Synopsis: NVIDIA’s latest results were strong, but the company’s bigger message may have been about where artificial intelligence is heading next. From AI agents to new infrastructure and computing systems, Jensen Huang hinted at a much larger long-term opportunity that could reshape how the AI industry operates in the future.
NVIDIA’s latest quarterly numbers were strong, but Nasdaq 100 futures still slipped despite the company beating estimates, showing how elevated expectations around AI stocks have become. However, the bigger story was not just revenue growth or Blackwell demand. The company’s earnings call showed that NVIDIA is now preparing for a much larger shift in computing, where artificial intelligence is no longer limited to chatbots, but moves towards agents, AI factories, robotics and full-stack infrastructure.

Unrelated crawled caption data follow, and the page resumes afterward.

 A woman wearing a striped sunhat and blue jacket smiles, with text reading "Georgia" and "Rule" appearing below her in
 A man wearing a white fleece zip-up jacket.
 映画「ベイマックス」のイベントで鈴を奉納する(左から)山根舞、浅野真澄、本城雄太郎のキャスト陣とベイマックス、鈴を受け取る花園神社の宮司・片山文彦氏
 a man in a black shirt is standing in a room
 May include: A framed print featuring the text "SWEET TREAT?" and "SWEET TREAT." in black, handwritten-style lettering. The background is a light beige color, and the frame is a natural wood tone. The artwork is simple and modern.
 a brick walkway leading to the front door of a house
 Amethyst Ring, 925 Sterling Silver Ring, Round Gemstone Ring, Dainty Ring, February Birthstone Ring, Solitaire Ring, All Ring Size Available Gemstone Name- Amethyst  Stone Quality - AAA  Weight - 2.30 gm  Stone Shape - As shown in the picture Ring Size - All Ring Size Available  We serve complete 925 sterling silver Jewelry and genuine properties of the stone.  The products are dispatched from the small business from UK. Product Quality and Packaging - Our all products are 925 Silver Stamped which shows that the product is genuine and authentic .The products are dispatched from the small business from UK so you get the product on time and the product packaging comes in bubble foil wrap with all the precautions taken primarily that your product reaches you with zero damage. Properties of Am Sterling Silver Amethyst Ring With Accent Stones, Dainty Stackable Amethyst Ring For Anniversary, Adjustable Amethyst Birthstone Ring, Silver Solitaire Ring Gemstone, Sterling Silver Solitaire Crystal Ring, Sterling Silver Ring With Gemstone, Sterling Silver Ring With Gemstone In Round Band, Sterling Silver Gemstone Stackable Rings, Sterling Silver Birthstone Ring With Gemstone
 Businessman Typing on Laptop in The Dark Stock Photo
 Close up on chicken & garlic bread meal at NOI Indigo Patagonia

NVIDIA reported total revenue of USD 82 billion, up 85 percent year-on-year and 20 percent sequentially. Its data centre revenue stood at USD 75 billion, rising 92 percent year-on-year and 21 percent sequentially, driven by strong demand for Blackwell systems. The company said GB300 and NVL72 saw strong demand from hyperscalers and frontier model builders, making Blackwell the fastest product ramp in NVIDIA’s history.

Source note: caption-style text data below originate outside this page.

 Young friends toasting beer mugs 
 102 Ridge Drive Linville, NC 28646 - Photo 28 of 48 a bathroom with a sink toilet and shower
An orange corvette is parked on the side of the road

AI Is Moving Beyond Chatbots
The key message from Jensen Huang was that agentic AI has arrived. In simple terms, this means AI is moving from answering one question at a time to doing productive work through tools, browsers, memory systems and workflows. NVIDIA said AI is no longer a nice-to-have technology, but a necessity for improving productivity across industries and roles.
This is important because agentic AI changes the demand for compute. If AI agents start using tools like humans use computers, then each agent needs infrastructure around it. Jensen explained that agents require CPUs for orchestration, memory management, tool use, browsers and compilers, while GPUs handle the thinking and inference work. This means the AI opportunity is not only about faster GPUs, but about building the full compute system required for AI workers.

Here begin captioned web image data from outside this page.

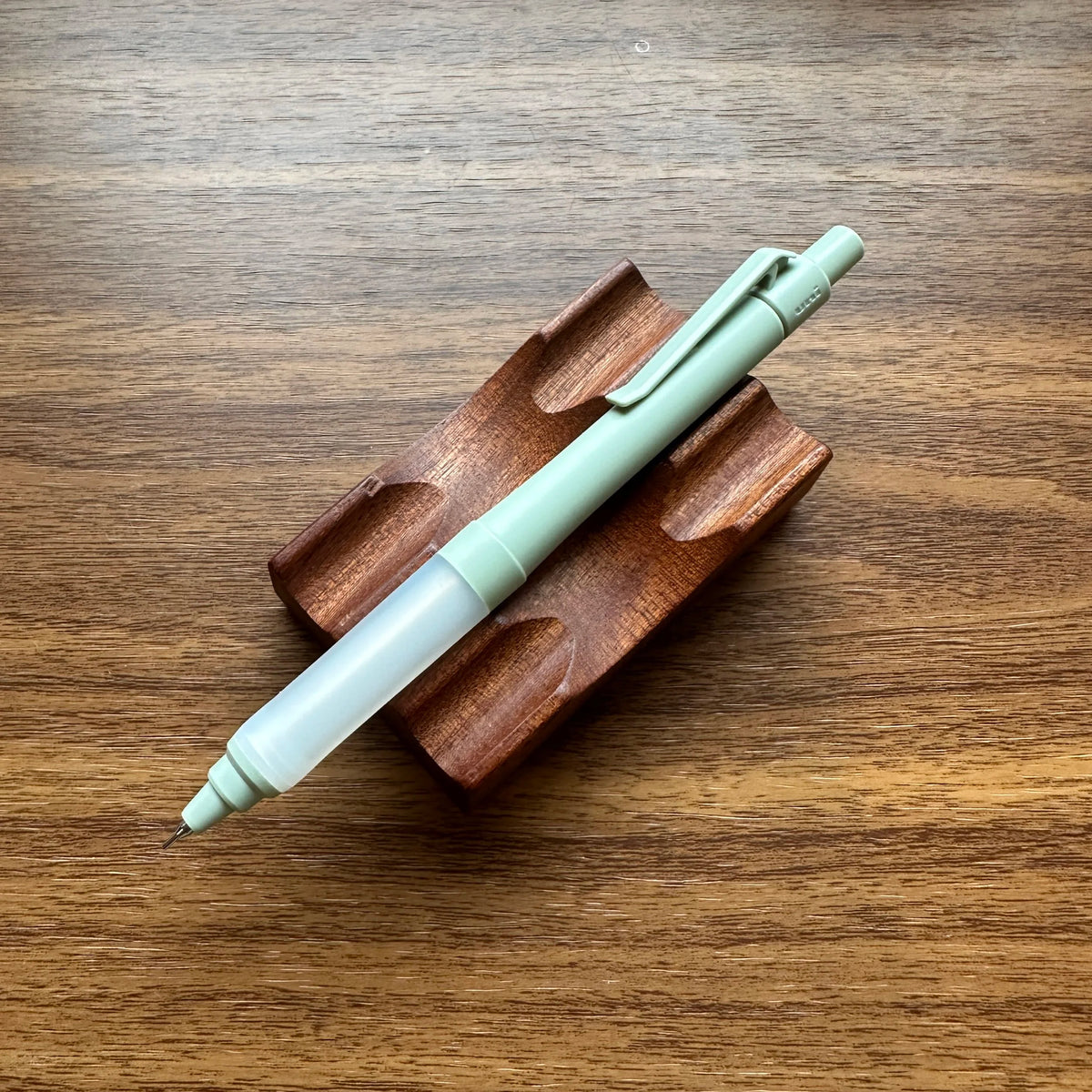 Uni Kuru Toga Alpha Gel Switch Mechanical Pencil in pale green with clear gel grip.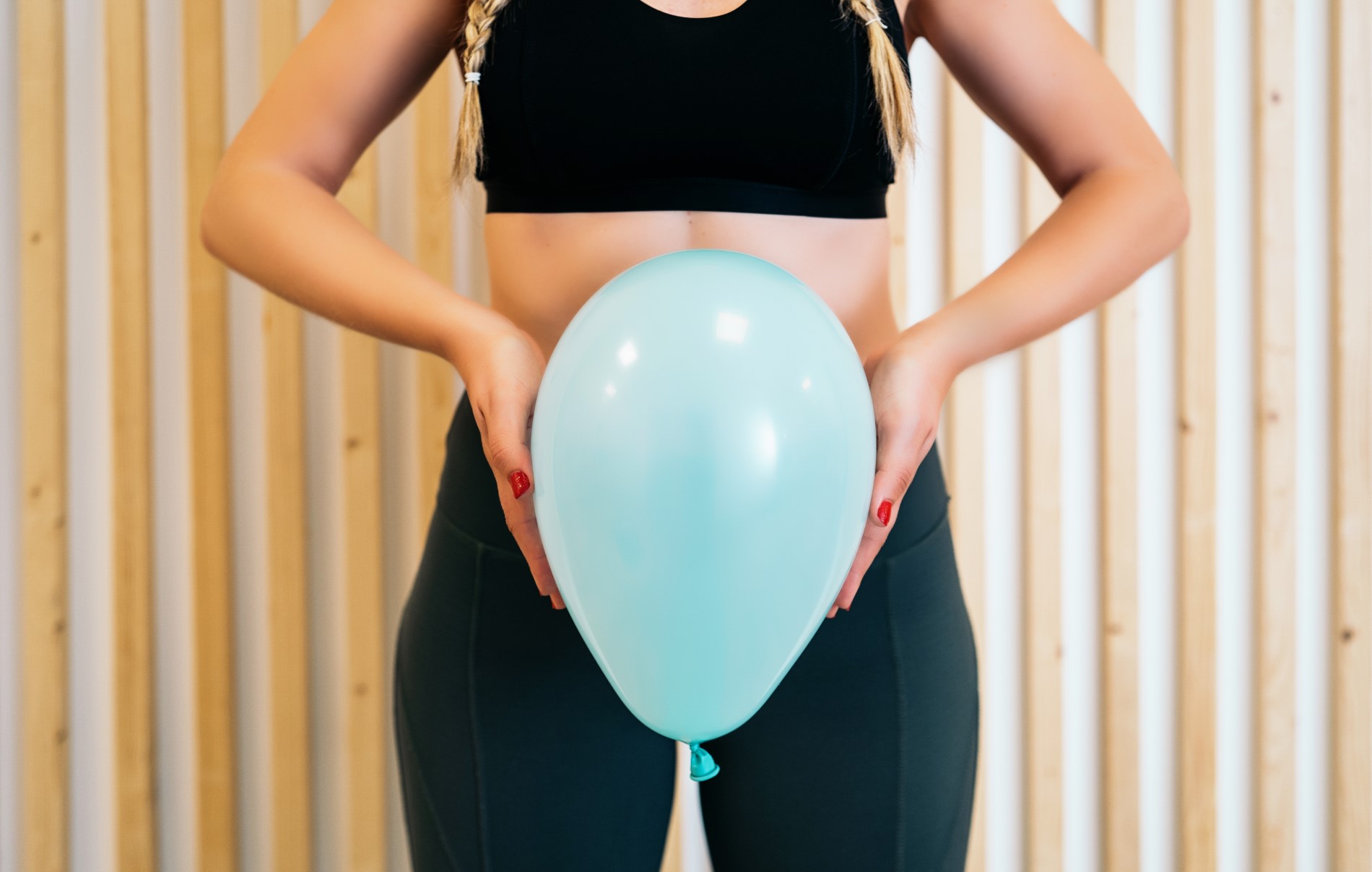 Close Up Of A Young Woman Holding A Balloon To Explain Pelvic Floor Exercises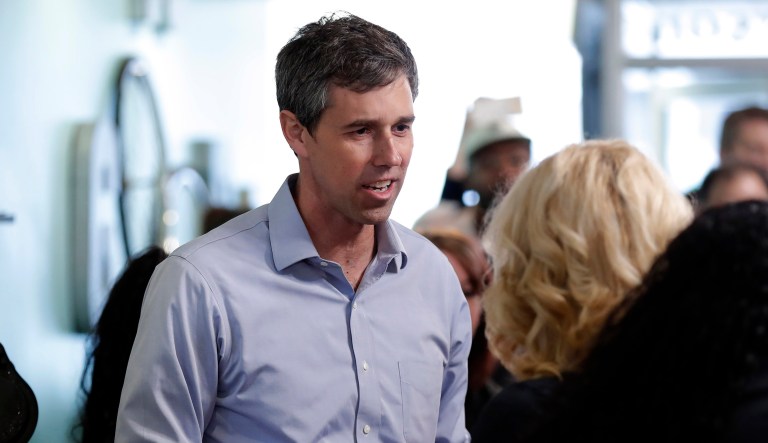 Former Texas Rep. Beto O'Rourke greets employees before speaking at a meet and greet at the Beancounter Coffeehouse & Drinkery, Thursday, March 14, 2019, in Burlington, Iowa.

Why CPUs Suddenly Matter For NVIDIA
This is where Vera becomes important. NVIDIA said Vera is its CPU designed for agentic AI and that it opens a new USD 200 billion total addressable market for the company. Management also said it has visibility to nearly USD 20 billion in total CPU revenue this year, with major hyperscalers and system makers partnering to deploy it.
Jensen’s explanation was simple. In the old cloud world, CPUs were rented based on cores. In the new AI world, the important metric becomes tokens per dollar or dollar per token. Agents do not just rent cores; they want work to be completed quickly. That is why NVIDIA is positioning Vera as part of a larger AI infrastructure stack, along with GPUs, networking, storage and security.
The Bigger AI Infrastructure Bet
NVIDIA also said customers are not just buying GPUs, they are building AI factories. These AI factories are designed to produce intelligence at scale, where the key metrics are token cost, token throughput, power efficiency, uptime, utilization and time to production. This shows how NVIDIA wants investors to think about the business: not as a chip seller, but as a full AI infrastructure platform.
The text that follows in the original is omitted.